Geoffrey, which version of the software are you running? Also a packaged workbook with some sample data would be helpful.
See the attached. I used a calculated field with a formula of IF FIRST()==0 THEN WINDOW_SUM([OverBudget Count])/SIZE() END, with a Compute using of the phaseID so it partitions on the PhaseType. The SIZE() gets the # of phaseIDs in the PhaseType, the WINDOW_SUM() counts up the # of phaseIDs that are over budget, and the IF FIRST()==0 returns only one value per PhaseType (the partition).
Then I duplicated the worksheet, got rid of the measures at the PhaseID level, and Ctrl+dragged a copy of he % of Phases that are Over Budget pill onto the Filters Shelf and set it to filter for non-Null values. This cleans up the display and can make Tableau faster to update the data.
In this case, the computation and level of detail are such that turning on accurate Grand totals takes 4 clicks: Analysis->Grand Totals->Show Column Grand Totals, then Analysis->Stack Marks->Off to get rid of the extra padding that Tableau puts into the Grand Total area.
This took me about as long to type up as to build in Tableau.
Shawn, I can understand where the frustrations with working with data at multiple levels of detail can come from, however I think making a definitive statement about the "best solution" is jumping the gun when we don't have all the details on what the data looks like or desired goals are. Here are some factors I can think of:
- Yes, a custom query set up as a materialized view will run faster than the same Custom SQL, but if the data volumes are small (enough to fit in Tableau's query cache) and/or an extract is in use (because the Custom SQL would only be run once for each extract update) then that is unlikely to matter.
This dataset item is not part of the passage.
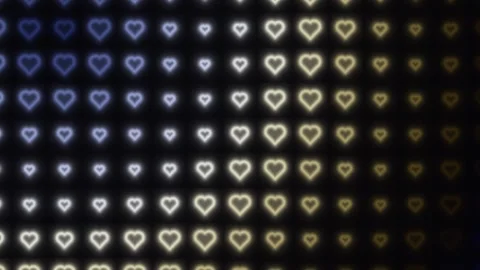 Colorful heart patterns fill the background with soft Stock Footage 338235319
- Yes, the interaction between table calculations and grand totals can be very complex and can be very simple, like in this case where it just works. I acknowledge that knowing whether the GTs will "just work" requires a deeper understanding of Tableau than I think should be necessary, but making a blanket statement that they will make the view "go to pot" is going too far.
- We don't know what access the the user has to the underlying data and what skills are available write a custom query of some sort. There are cases where those access and skills aren't available, so we need to be able to apply other solutions, like using the table calcs.
- Also since we don't know data volumes, sometimes asking for large-scale transformation of the data to pre-process it prior to Tableau isn't feasible due to disk space and/or time constraints.
- How much longer (in this case or other situations) would it take to write the SQL code to do the aggregations and group bys in advance, and verify that code, versus a single calculated field in Tableau? And how about when that needs to change in the future, like adding another dimension to the view? With the pre-aggregation situation then every potential aggregation level needs to be computed in advance. I've done that and certainly it can be really fast, and it can be really painful to maintain.
I'm not meaning to shoot down what you suggested, pre-aggregation can definitely be useful and in this case may be necessary to get the desired results; the part I'm objecting to is so quickly saying that pre-aggregation is the "best solution". This is why I answer many forum posts with "Here's one way to do this," or "Here's how I know how to deal with this."
And I have to acknowledge I'm biased and start out on a different side of this argument, where again and again I encounter people who have been told by a Tableau consultant/tech support/developer (sometimes someone working for Tableau, sometimes not) that something is "not possible" in Tableau when it is. When I'm able to share the "yes it can be done in Tableau and here's how" option, and document the advantages and drawbacks of that option, and maybe do some education along the way about the possibillities, then the users have more options, more control over the data and their results, and more skills to use in the future.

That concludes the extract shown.